··· The records ···

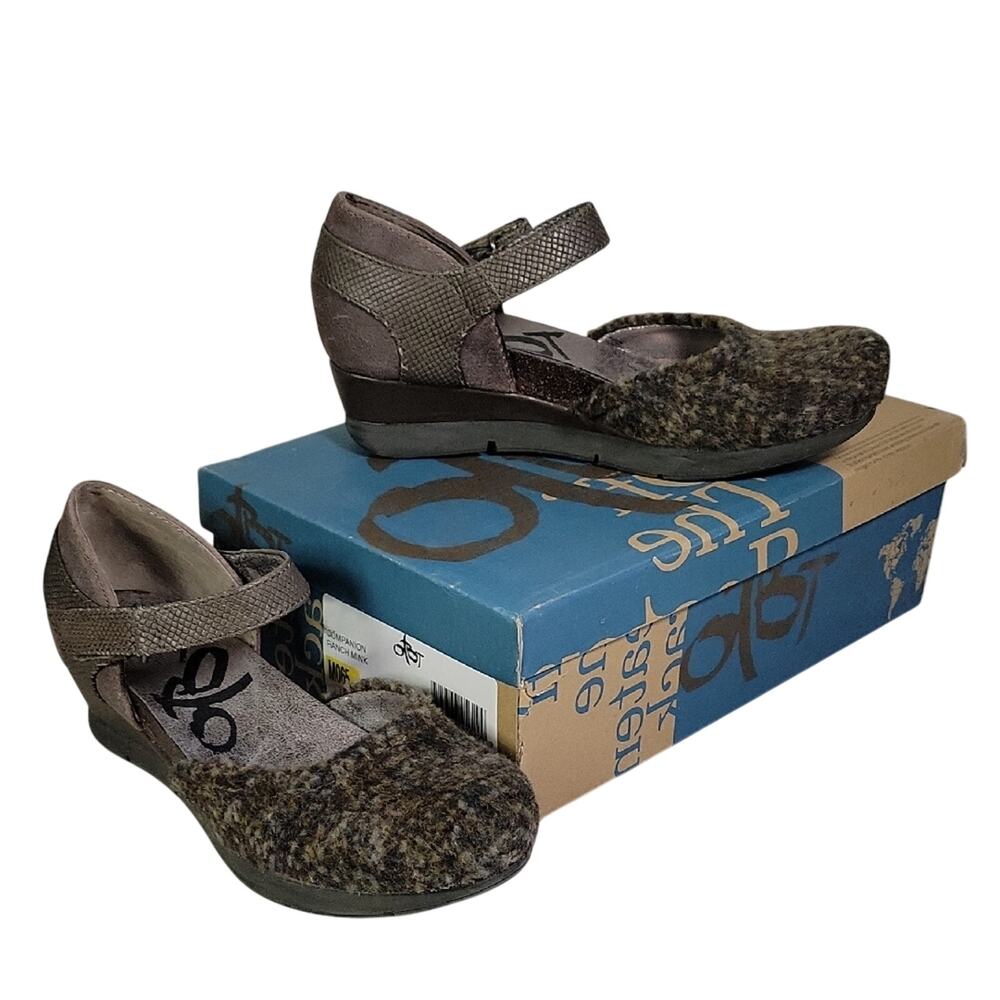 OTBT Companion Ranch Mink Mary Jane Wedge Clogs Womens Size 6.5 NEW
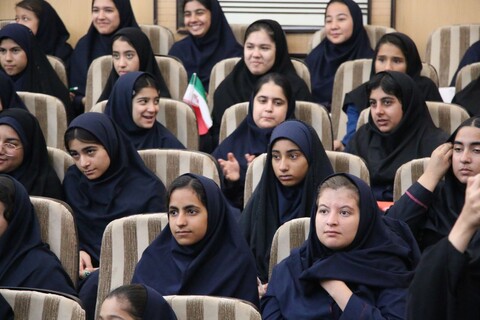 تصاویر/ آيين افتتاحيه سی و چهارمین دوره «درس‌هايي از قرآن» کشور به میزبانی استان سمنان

···
··· The records ···

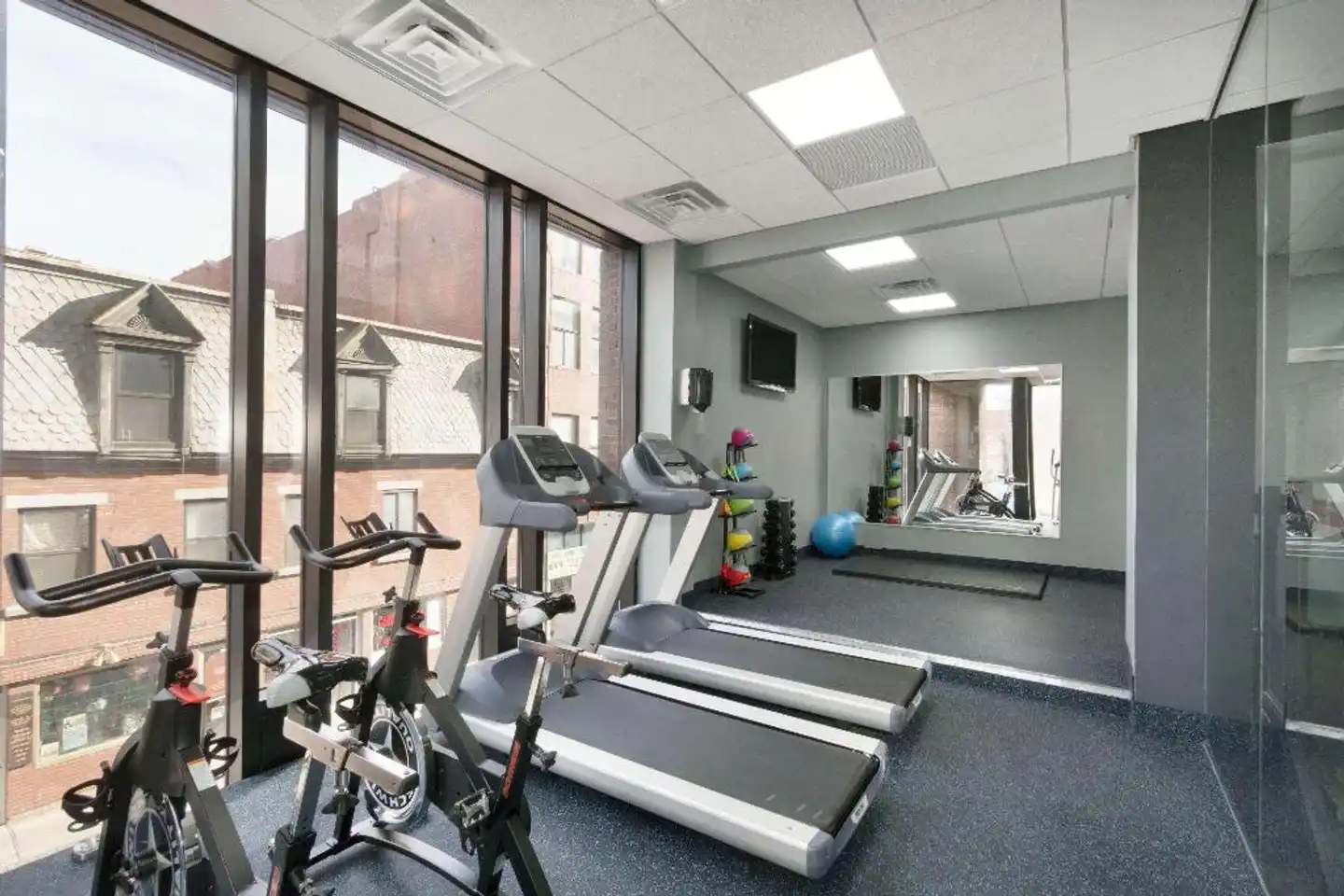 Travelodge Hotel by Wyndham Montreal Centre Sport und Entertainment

···

▶ Task brief:
Reproduce the data above exactly, but only from the line containing "OTBT Companion Ranch" through the line containing "تصاویر/ آيين افتتاحيه"; skip the pictures.

▶ Written response:
 OTBT Companion Ranch Mink Mary Jane Wedge Clogs Womens Size 6.5 NEW
 تصاویر/ آيين افتتاحيه سی و چهارمین دوره «درس‌هايي از قرآن» کشور به میزبانی استان سمنان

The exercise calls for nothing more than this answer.